## Brief
No line before the one containing "Cutefetti DIY Dollhouse" should appear; that line and all lines after it, through the end of the data, are to be set down exactly.

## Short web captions
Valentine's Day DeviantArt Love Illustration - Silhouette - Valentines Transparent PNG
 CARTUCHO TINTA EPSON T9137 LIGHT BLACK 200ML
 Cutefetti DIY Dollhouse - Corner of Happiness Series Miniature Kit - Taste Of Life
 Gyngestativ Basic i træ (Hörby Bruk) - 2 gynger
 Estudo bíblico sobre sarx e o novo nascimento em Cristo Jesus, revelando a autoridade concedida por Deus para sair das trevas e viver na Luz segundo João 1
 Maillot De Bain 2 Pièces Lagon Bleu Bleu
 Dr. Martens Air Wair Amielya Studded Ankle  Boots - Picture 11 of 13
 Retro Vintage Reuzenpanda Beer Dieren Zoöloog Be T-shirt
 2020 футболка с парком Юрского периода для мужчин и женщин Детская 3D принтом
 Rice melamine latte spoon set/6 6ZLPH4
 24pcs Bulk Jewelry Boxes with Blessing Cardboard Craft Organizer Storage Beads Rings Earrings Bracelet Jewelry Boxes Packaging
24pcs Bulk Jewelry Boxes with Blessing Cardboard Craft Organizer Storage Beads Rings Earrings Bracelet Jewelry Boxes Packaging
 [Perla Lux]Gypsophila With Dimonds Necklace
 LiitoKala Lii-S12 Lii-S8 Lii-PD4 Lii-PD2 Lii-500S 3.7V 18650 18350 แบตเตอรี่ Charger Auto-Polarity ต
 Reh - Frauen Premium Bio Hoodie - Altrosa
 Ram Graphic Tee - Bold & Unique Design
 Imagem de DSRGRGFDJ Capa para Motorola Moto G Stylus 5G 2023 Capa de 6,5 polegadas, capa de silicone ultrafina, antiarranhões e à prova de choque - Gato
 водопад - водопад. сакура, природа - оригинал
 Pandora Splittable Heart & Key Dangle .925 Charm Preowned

## Problem solution
 Cutefetti DIY Dollhouse - Corner of Happiness Series Miniature Kit - Taste Of Life
 Gyngestativ Basic i træ (Hörby Bruk) - 2 gynger
 Estudo bíblico sobre sarx e o novo nascimento em Cristo Jesus, revelando a autoridade concedida por Deus para sair das trevas e viver na Luz segundo João 1
 Maillot De Bain 2 Pièces Lagon Bleu Bleu
 Dr. Martens Air Wair Amielya Studded Ankle  Boots - Picture 11 of 13
 Retro Vintage Reuzenpanda Beer Dieren Zoöloog Be T-shirt
 2020 футболка с парком Юрского периода для мужчин и женщин Детская 3D принтом
 Rice melamine latte spoon set/6 6ZLPH4
 24pcs Bulk Jewelry Boxes with Blessing Cardboard Craft Organizer Storage Beads Rings Earrings Bracelet Jewelry Boxes Packaging
24pcs Bulk Jewelry Boxes with Blessing Cardboard Craft Organizer Storage Beads Rings Earrings Bracelet Jewelry Boxes Packaging
 [Perla Lux]Gypsophila With Dimonds Necklace
 LiitoKala Lii-S12 Lii-S8 Lii-PD4 Lii-PD2 Lii-500S 3.7V 18650 18350 แบตเตอรี่ Charger Auto-Polarity ต
 Reh - Frauen Premium Bio Hoodie - Altrosa
 Ram Graphic Tee - Bold & Unique Design
 Imagem de DSRGRGFDJ Capa para Motorola Moto G Stylus 5G 2023 Capa de 6,5 polegadas, capa de silicone ultrafina, antiarranhões e à prova de choque - Gato
 водопад - водопад. сакура, природа - оригинал
 Pandora Splittable Heart & Key Dangle .925 Charm Preowned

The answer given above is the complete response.